Les récits ne diffèrent pas beaucoup selon l’âge des victimes. La seule différence concerne les actes qu’il impose à Sylvie, seule femme plaignante : une « dizaine de fois » depuis l’âge de 8 ans, l’accusé « lui demande de le masturber », sans que soient mentionnées des violences similaires à celles qu’il inflige au pénis de ses neveux. Sylvie est aussi la seule à mentionner une agression plus tardive, lorsqu’elle est « âgée de 19 ou 20 ans ». Tandis qu’elle dort chez lui parce qu’elle garde ses enfants, elle « sent une main qui caresse sa poitrine jusqu’au ventre par-dessus les couvertures. Cette main est celle de l’accusé ».
Plusieurs traits sont communs à cette affaire et aux autres que nous avons étudiées. D’abord, il n’y a jamais eu de silence. Il y a certes eu une volonté, de la part de l’auteur, d’imposer le secret en faisant peur à ses victimes : il menace ainsi Conrad de « le dénoncer au Bébé Afril, un personnage tel un clochard dont tous les enfants avaient peur dans le rang 2 à Saint-David-de-Falardeau ». Mais le silence n’est pas gardé, les victimes rapportant dans leur entourage le sentiment immédiat de l’anormalité de ces pratiques. Sylvie, par exemple, « sait que ce n’est pas correct et ne sent pas bien ». Conrad s’en ouvre à sa mère dès 5 ou 6 ans, « lui montrant son pénis bleuté », avant de se confier quelques années plus tard « à Mme Marie L., enseignante à Saint-David-de-Falardeau », qui « se présente à la maison pour rencontrer ses parents ». La parole circule également dans la fratrie à l’âge adulte : Sylvie dit à la police qu’elle savait déjà que « certains de ses frères et sœurs ont été abusés puisqu’ils en parlaient lors de rencontres familiales ». Comment expliquer alors l’absence de signalement à la police ou à la justice avant 2009? Au cours des procès, la raison le plus souvent avancée par le juge est que les enfants n’ont pas été cru-es. Lorsqu’ils et elles parlent, les enfants sont parfois battu-es. Les accusations de mensonge et les corrections qu’elles suscitent ferment la possibilité des échanges. Jean-Yves estime par exemple avoir « trop gardé dans moi pis on a trop gardé dans nous autres ». Le procès est ainsi l’occasion de découvrir ces événements enfouis.
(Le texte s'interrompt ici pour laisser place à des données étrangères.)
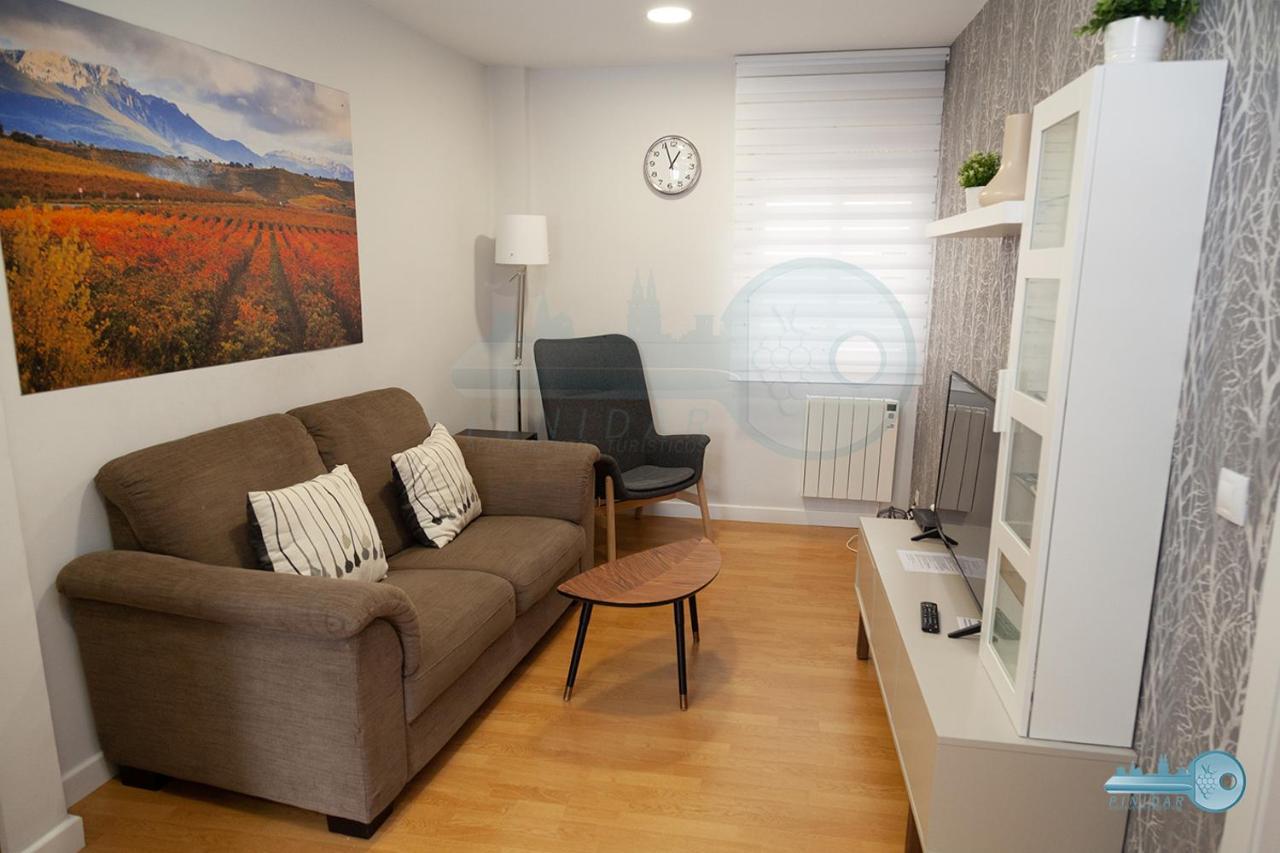 Piso Centrico Y Moderno En Logrono Vivienda De Uso Turistico 아파트 외부 사진
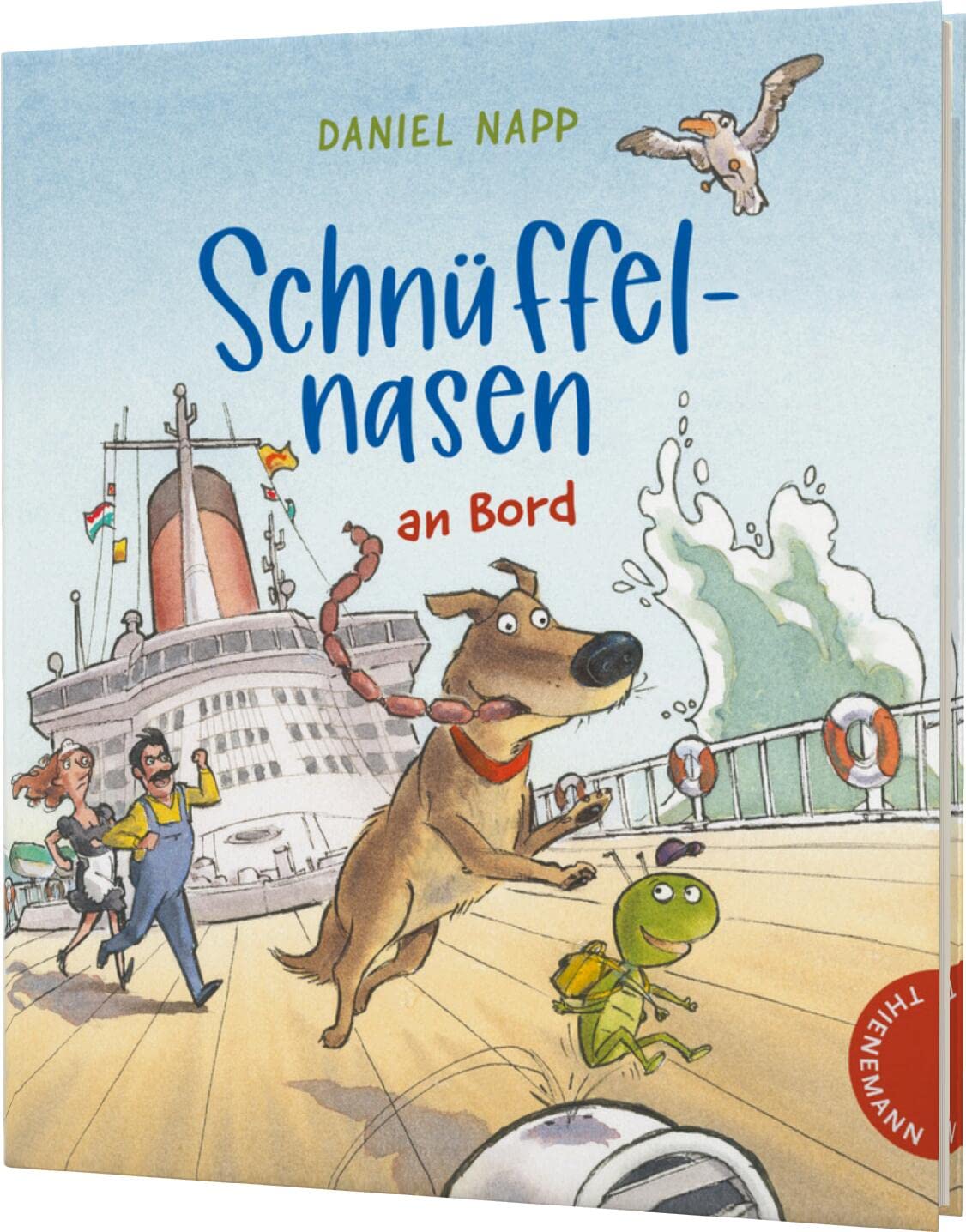 Schnüffelnasen 1: Schnüffelnasen an Bord: Spannendes Tierabenteuer zum Vorlesen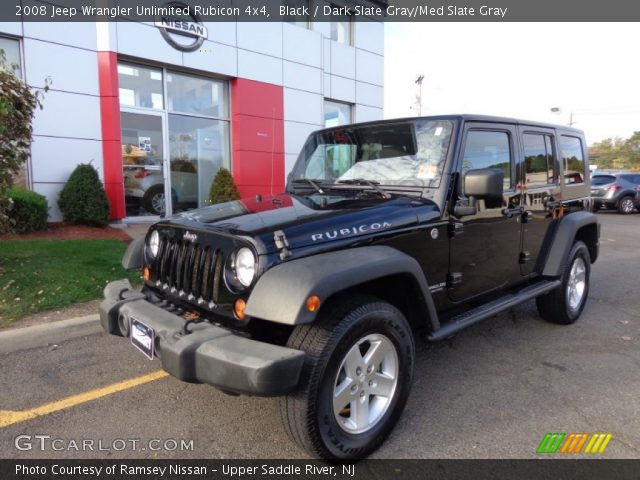 2008 Jeep Wrangler Unlimited Rubicon 4x4 in Black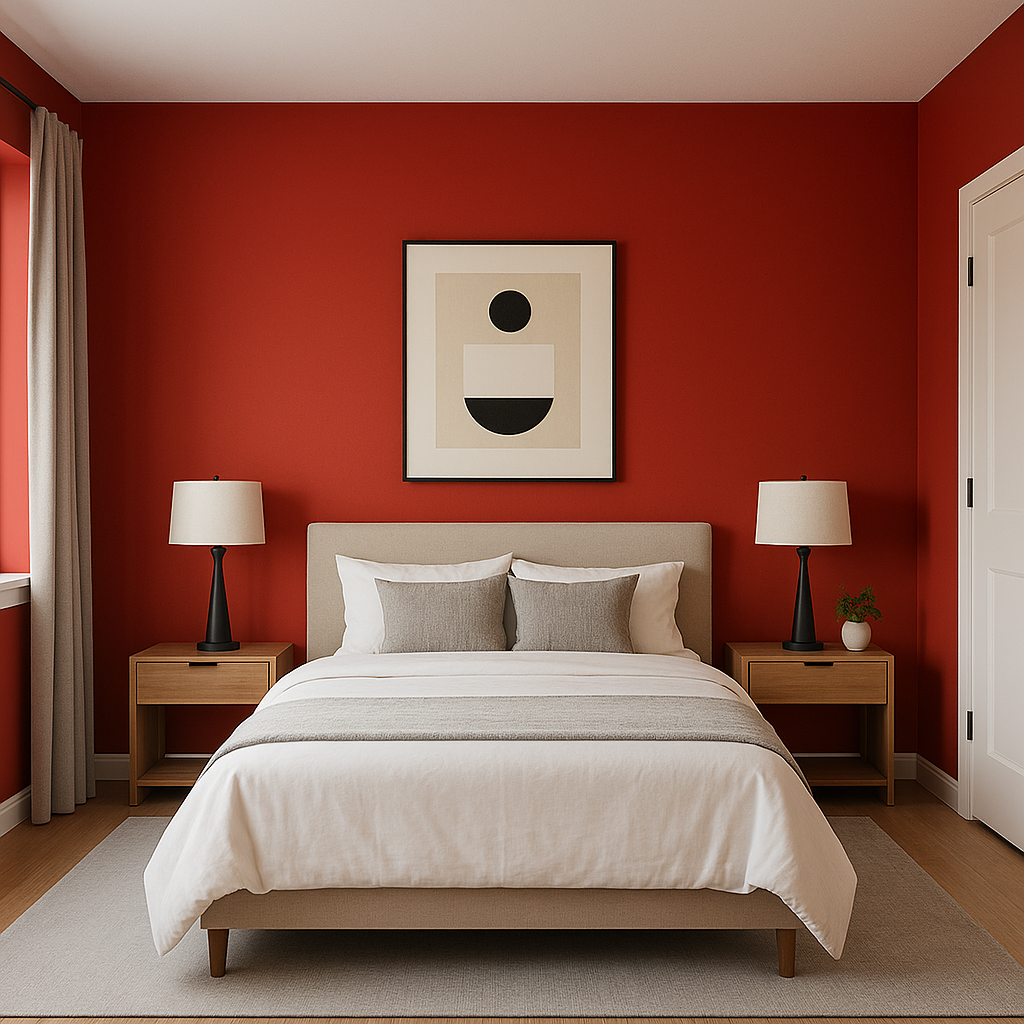 Benjamin Moore Red (2000-10): A Bold and Timeless Hue.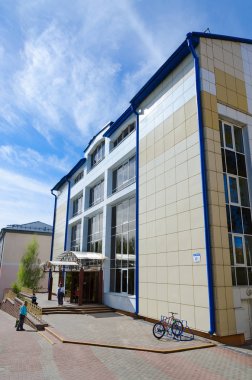 Spor kompleksi gençliğini (Yüzme Havuzu, Dalış, spor salonu, sauna), Vitebsk, Beyaz Rusya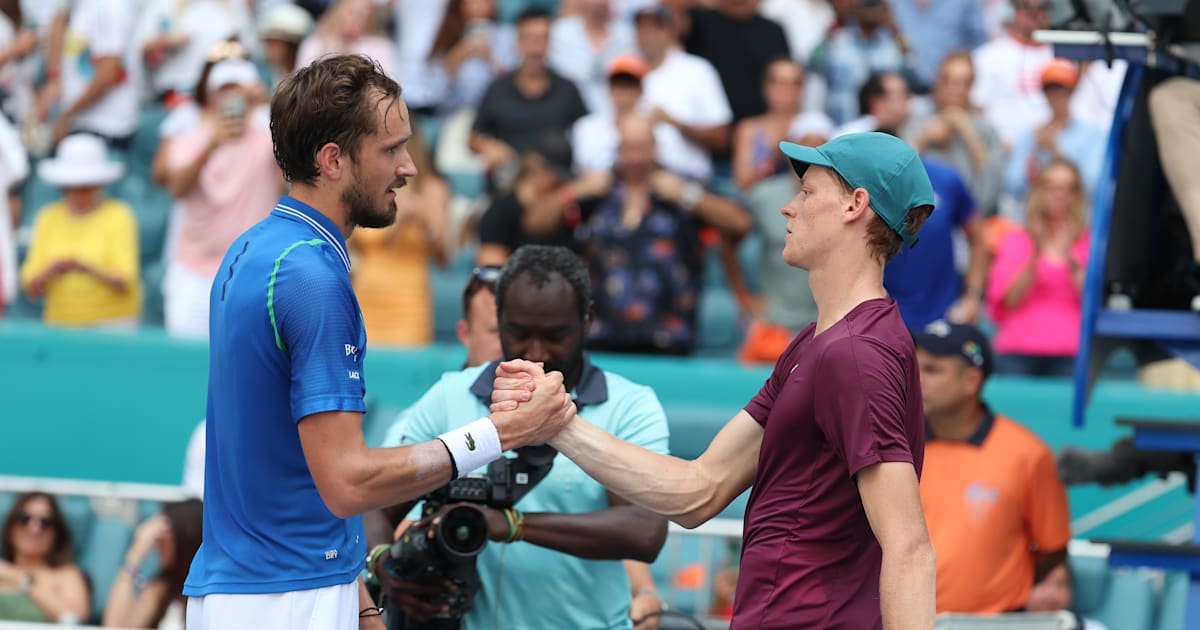 Miami Open 2023 · Risultati finale maschile Daniil Medvedev vince su
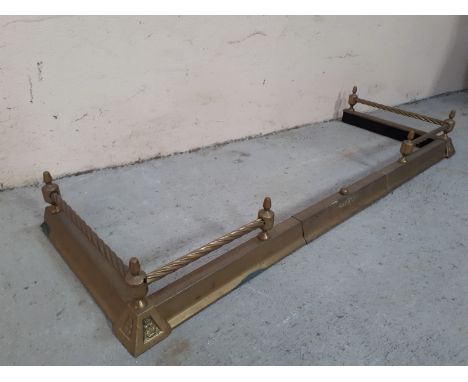  Sale Item:    BRASS FENDER   Vat Status:   No Vat   Buyers Premium:  This lot is subject to a Buyers Premium of 15% + Vat @ 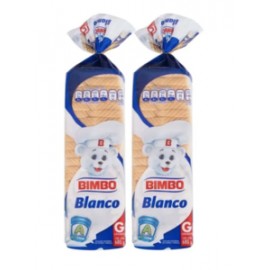 Bimbo Pan blanco 2P/680G - KOZ-DespensayMas-Bimbo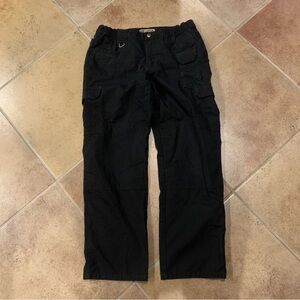 5.11 Tactical Black Cargo Pants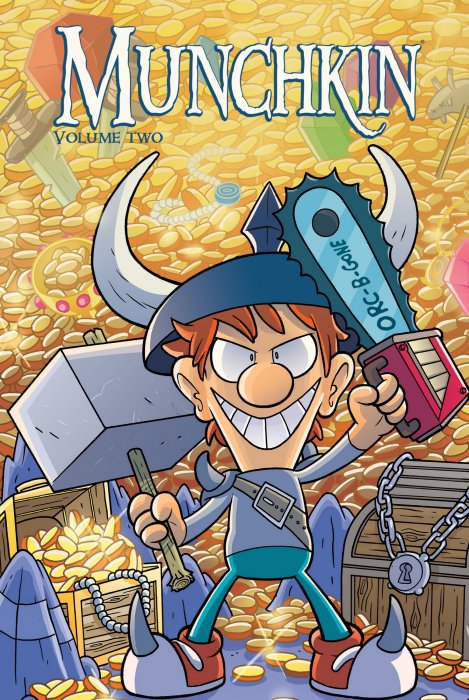 Munchkin, Volume 2 (Munchkin #5-8)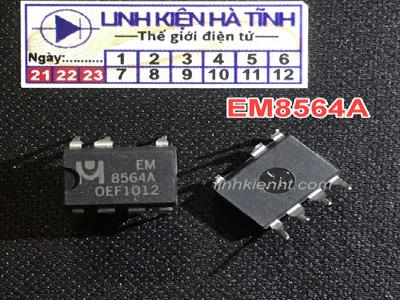 IC nguồn 8564A EM8564A DIP-7 mới IC nguồn 8564A EM8564A DIP-7 mới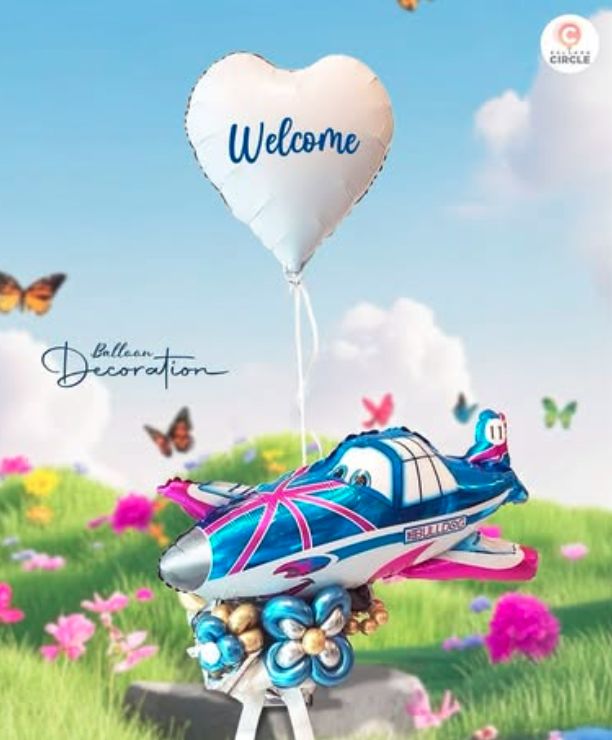 ลูกโป่งตั้งโต๊ะ — ผลงาน BalloonCircle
Le confinement de la parole, et les silences qu’il produit, fonctionne cependant autour d’un motif plus puissant que le fait de ne pas croire : ne pas diffuser la parole permet de protéger l’accusé, et par extension de protéger la famille. Dans l’affaire Savard, deux figures centrales de cette parole confinée se détachent. La grand-mère, d’abord, qui traite ses petits-enfants de menteurs-euses, mais qui est aussi, selon Jean-Yves, « notre grand-mère préférée ». Son décès en 1985 est un premier tournant. La mère des victimes est la seconde figure. Jean-Marc explique ainsi que dans les décennies qui ont suivi les faits, « à plusieurs occasions il en parle avec sa mère, mais cette dernière ne veut pas que ses enfants aillent en cour ». Sylvie explique de son côté que si les agressions étaient sues de leur mère, « cette dernière ne voulait pas qu’ils portent plainte, de peur de briser la famille ». Le décès de la mère, le 22 octobre 2008, est le tournant décisif : « le 22 avril 2009, [Conrad] se rend à Chicoutimi pour porter plainte à la police ». Les jugements donnent également à voir le rôle joué par la dépendance financière des plaignant-es. Le jugement souligne par exemple qu’à la fin des années 1970, tandis que Sylvie subissait de nouveaux attouchements, l’accusé avait accepté de « prêter de l’argent » à sa nièce « au vu de ses difficultés financières ». Durant cette période où ce dernier, décrit comme un « travailleur acharné et assidu », connaît une ascension sociale, Sylvie « ne parlera jamais des gestes de nature sexuelle qu’elle a subis ». Quelques années plus tard, en 1990, elle invitera même son oncle et son épouse à son mariage.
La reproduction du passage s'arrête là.